Benim başıma gelen en büyük şans da bu oldu. Sazla çalabildiğim üç şarkıdan birini istedi bir arkadaş. Ben öteki ikisini de çalınca benim çok iyi saz çaldığımı sanıyor arkadaş hala, hepsi bu.


Oysa şans deyince tamamen değişmeli insanın yaşamı. En azından ben öyle sanıyordum ama televizyonda gördüklerim o niyette değil. Ya da beyanları öyle diyor.

Evet, insan ömrünün yarısını geçtikten sonra aynı filmi seyrediyor. Yine bir büyük çekiliş öncesi. Kameralar aynı yerde, aynı adam bağırıyor, haberdeki müzik bile aynı. Kuyruktaki insanlar değişse de söyledikleri değişmiyor.

-İnsanlara yardım ederdim.

-İş sahası açardım.

-Okul yaptırırdım.

Ne güzel,  “garıyı boşardım, harem kurardım, jigolo tutardım, eroine başlardım, arabaları sıraya dizer mahallede hava atardım” diyen yok. Oysa her bilet alışında “allahım kurtar beni bu adamdan” diye dua edeni bilirim. Nedense geçenlerde ikramiye çıkan biri, elinde hediye paketleri ile bir huzur evine gitmek yerine araba galerisinde almıştı soluğu. Plakası bile çıkmamış lüks bir arabayla dönmüştü evine.

Peki, madem herkes yardım için, başkaları için istiyor ikramiyenin çıkmasını, o halde neden televizyon ve gazetelerde “bu parayla şu kadar ev, araba, yat, uçak alabilirsin deniyor da “şu kadar pirinç, şu kadar ekmek alarak şu kadar fakire yardım edersin” denmiyor.
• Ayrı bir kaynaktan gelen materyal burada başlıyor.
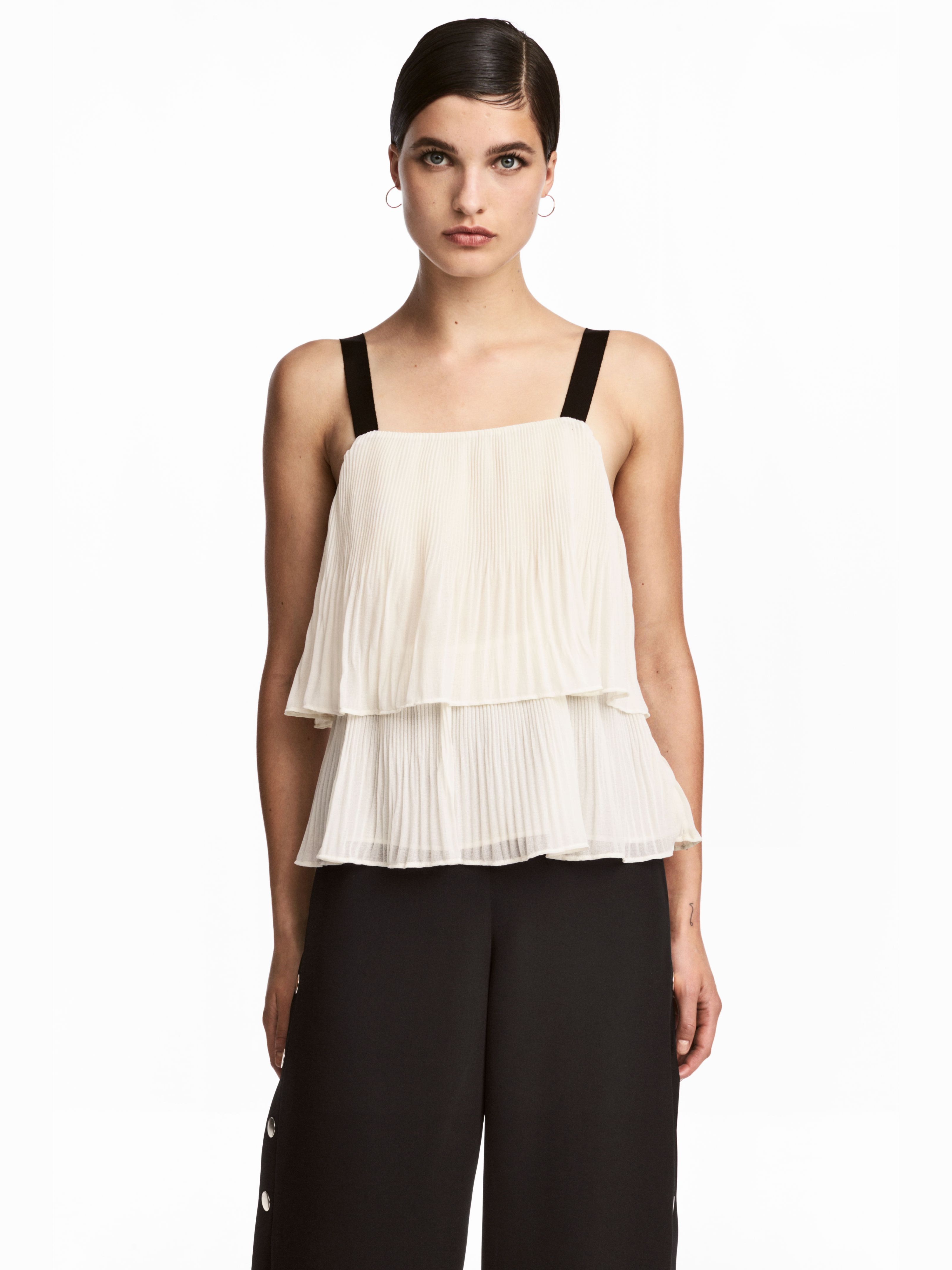 

Блузка H&M 5419996-ABBE 32 Белая с черным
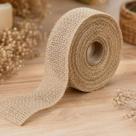 Rolo de Fita Juta Crua Natural Rústica 5 cm Grossa 10 Metros Artesanato Decoração Rolo de Fita Juta Crua Natural Rústica 5 cm Grossa 10 Metros Artesanato Decoração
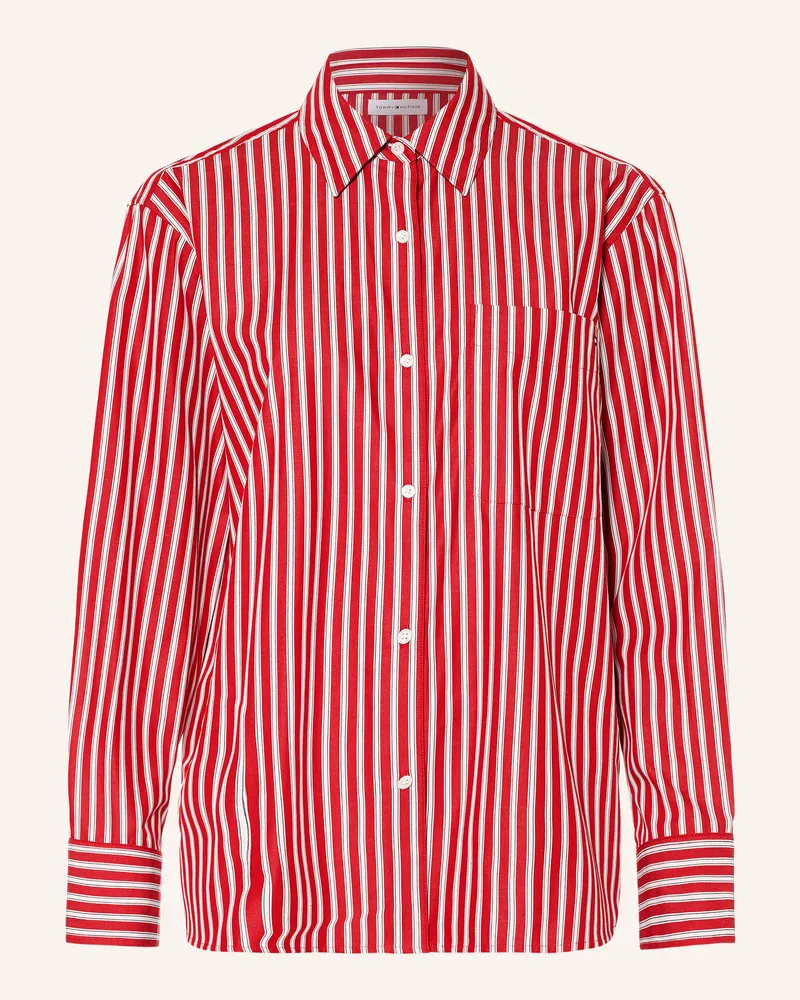 Tommy Hilfiger Hemdbluse rot Rot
Kuyruktakilerin bir başka temennisi ise paranın çok kişiye çıkması. Kendisi için istemiyorlar, bencil değiller yani. Ne kadar çok insana çıkarsa o kadar memnun olacaklar. Oysa sistem, herkesten topladığı üçer-beşer lirayı düzenleyenin payı düşüldükten sonra belli insanlara vermek üzerine kurulu. Çok kişinin az parasının, az kişiye çok para olarak verilmesi üzerine. Dedikleri gerçek olur da ikramiye çıkan kişi paranın hepsini herkese üçer-beşer dağıtsa inanın linç ederler. Hayallerimizin içine ettin, diye.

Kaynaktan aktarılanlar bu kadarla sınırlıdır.